Ars Fennica 2019 exhibition presents the five candidates vying for Finland’s most notable visual art award: Petri Ala-Maunus (FI), Miriam Bäckström (SE), Ragnar Kjartansson (IS), Egill Sæbjörnsson (IS) and Aurora Reinhard (FI). Central themes of the exhibition jointly arranged by Amos Rex and Ars Fennica include the role of the artist, power relations, new pictorial realities and the Western tradition of landscape painting.
The exhibition involves two important choices: the award winner and visitors’ choice. You decide the latter! What was the work you found most touching, awe-inspiring, beautiful, significant, or in any case the best? Vote for your favourite artist during your exhibition visit. Voting for the visitors’ choice continues until the end of the exhibition.
Ars Fennica Award
The Ars Fennica Award is given out by the Henna and Pertti Niemistö Art Foundation, established in 1990. The award is presented to a visual artist in recognition of high-level and distinctive artistic work and includes a monetary prize of EUR 40,000. This year’s Ars Fennica prize was awarded to artist Ragnar Kjartansson.
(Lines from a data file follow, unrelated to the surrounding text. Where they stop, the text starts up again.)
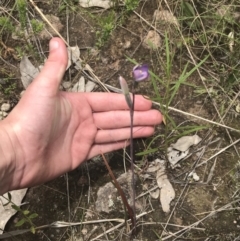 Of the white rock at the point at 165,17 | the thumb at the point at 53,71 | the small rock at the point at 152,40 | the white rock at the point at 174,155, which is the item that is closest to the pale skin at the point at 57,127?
the thumb at the point at 53,71

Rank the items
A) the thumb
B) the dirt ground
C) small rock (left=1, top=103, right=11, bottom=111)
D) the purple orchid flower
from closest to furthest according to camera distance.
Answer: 1. the purple orchid flower
2. the thumb
3. the dirt ground
4. small rock (left=1, top=103, right=11, bottom=111)

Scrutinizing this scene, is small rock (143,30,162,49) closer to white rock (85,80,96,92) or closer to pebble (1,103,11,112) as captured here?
white rock (85,80,96,92)

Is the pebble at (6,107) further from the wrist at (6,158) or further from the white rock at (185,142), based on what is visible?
the white rock at (185,142)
The Director of the Museum Tinguely in Basel, Roland Wetzel, who selected the prize winner remarks:
“This years’ exhibition by the Ars Fennica candidates at Amos Rex in Helsinki is impressive proof of the cutting-edge, vibrant artistic scene in the Nordic countries, represented by five outstanding artistic positions: Miriam Bäckström, Aurora Reinhard, Petri Ala-Maunus, Ragnar Kjartansson and Egill Saebjörnsson. All of them would have deserved to be selected from the shortlist. Everyone’s specific practice opens up a complex, thoughtful examination of aspects of the world we are living in.”
Award candidates
Known for his masterful sunset paintings, Petri Ala-Maunus (b. 1970) has created a new work for the exhibition: a 14-metre painting called History and Utopia of Landscape. The work consisting of seven panels has a fantastical element that makes it almost supernatural.
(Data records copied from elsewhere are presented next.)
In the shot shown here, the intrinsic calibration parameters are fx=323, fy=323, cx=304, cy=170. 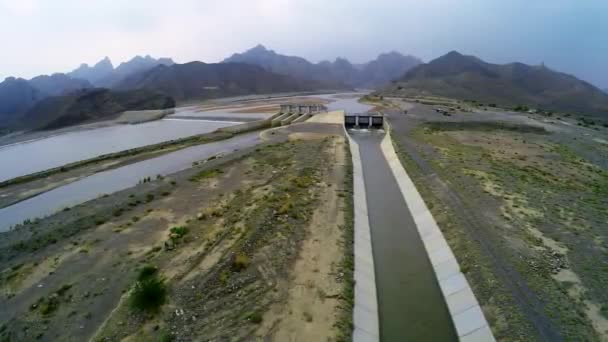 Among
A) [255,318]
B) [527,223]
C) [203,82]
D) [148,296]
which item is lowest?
[255,318]

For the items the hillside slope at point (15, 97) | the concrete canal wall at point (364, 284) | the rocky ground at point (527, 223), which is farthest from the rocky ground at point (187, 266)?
the hillside slope at point (15, 97)

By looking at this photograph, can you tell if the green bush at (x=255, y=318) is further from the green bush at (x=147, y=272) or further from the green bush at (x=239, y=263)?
the green bush at (x=147, y=272)

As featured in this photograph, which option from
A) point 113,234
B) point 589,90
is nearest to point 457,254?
point 113,234

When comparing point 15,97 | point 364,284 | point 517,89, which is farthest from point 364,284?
point 15,97

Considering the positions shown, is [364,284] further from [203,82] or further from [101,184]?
[203,82]

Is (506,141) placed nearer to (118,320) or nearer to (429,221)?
(429,221) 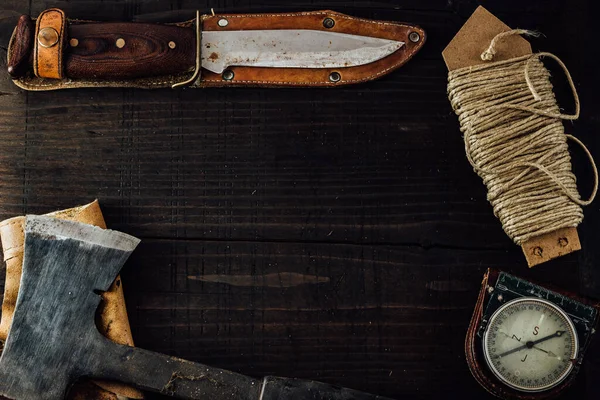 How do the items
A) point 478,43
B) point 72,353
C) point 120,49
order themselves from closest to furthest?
point 72,353 → point 120,49 → point 478,43

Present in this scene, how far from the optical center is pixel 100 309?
1.64 metres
Miriam Bäckström (b. 1967) has two enormous textile works featured in the exhibition that are on display for the first time. Larger of the two, the 15-metre long Psychopath, cuts the exhibition space like a rocket, with a cool destruction hidden beneath the beautiful and pearly textile surface.
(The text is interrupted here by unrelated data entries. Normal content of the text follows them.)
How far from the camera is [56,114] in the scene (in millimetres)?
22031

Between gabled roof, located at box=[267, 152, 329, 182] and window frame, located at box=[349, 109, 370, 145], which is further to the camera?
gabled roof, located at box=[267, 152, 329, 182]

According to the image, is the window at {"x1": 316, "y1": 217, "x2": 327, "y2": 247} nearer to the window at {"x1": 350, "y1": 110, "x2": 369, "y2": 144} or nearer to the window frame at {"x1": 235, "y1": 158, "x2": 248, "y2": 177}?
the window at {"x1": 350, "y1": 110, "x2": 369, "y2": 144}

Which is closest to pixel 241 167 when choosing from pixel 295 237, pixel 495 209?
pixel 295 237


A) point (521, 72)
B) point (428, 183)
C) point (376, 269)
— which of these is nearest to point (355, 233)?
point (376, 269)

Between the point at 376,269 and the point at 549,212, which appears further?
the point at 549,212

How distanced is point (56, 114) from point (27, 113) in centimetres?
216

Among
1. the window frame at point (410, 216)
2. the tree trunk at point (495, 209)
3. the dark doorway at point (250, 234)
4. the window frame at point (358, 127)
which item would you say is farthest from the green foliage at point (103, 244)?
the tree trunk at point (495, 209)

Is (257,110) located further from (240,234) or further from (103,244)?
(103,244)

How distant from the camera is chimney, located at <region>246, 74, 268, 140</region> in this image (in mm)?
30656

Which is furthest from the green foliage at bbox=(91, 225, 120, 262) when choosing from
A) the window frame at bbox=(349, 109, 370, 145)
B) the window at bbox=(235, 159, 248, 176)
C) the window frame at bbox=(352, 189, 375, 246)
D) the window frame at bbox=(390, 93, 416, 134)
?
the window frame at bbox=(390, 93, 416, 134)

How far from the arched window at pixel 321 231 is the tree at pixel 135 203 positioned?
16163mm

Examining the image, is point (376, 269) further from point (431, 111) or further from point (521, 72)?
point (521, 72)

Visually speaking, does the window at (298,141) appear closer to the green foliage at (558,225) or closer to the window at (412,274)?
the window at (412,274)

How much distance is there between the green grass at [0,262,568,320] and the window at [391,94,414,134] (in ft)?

Ragnar Kjartansson’s (b. 1975) nine-part series of works includes a 2.5-hour film called The Boat, shown in the exhibition. The work contains an epic scene, where a speedboat is slowly crossing a Swiss lake.
Aurora Reinhard’s (b. 1975) work Broken consists of nine pieces completed in the last years. Reinhard herself also makes an appearance as a model in her works. Central subjects include the (female) artist’s identity, along with different power and dependency relationships.
Egill Sæbjörnsson (b. 1973) is known for his fictional friends. Ugh and Boogar, two 36-metre tall, coffee-loving and human-eating trolls, have produced six animated paintings for the piece The Paintings. The book The trolls in Hellsinki, made by Sæbjörnsson for the exhibition, will also be on display.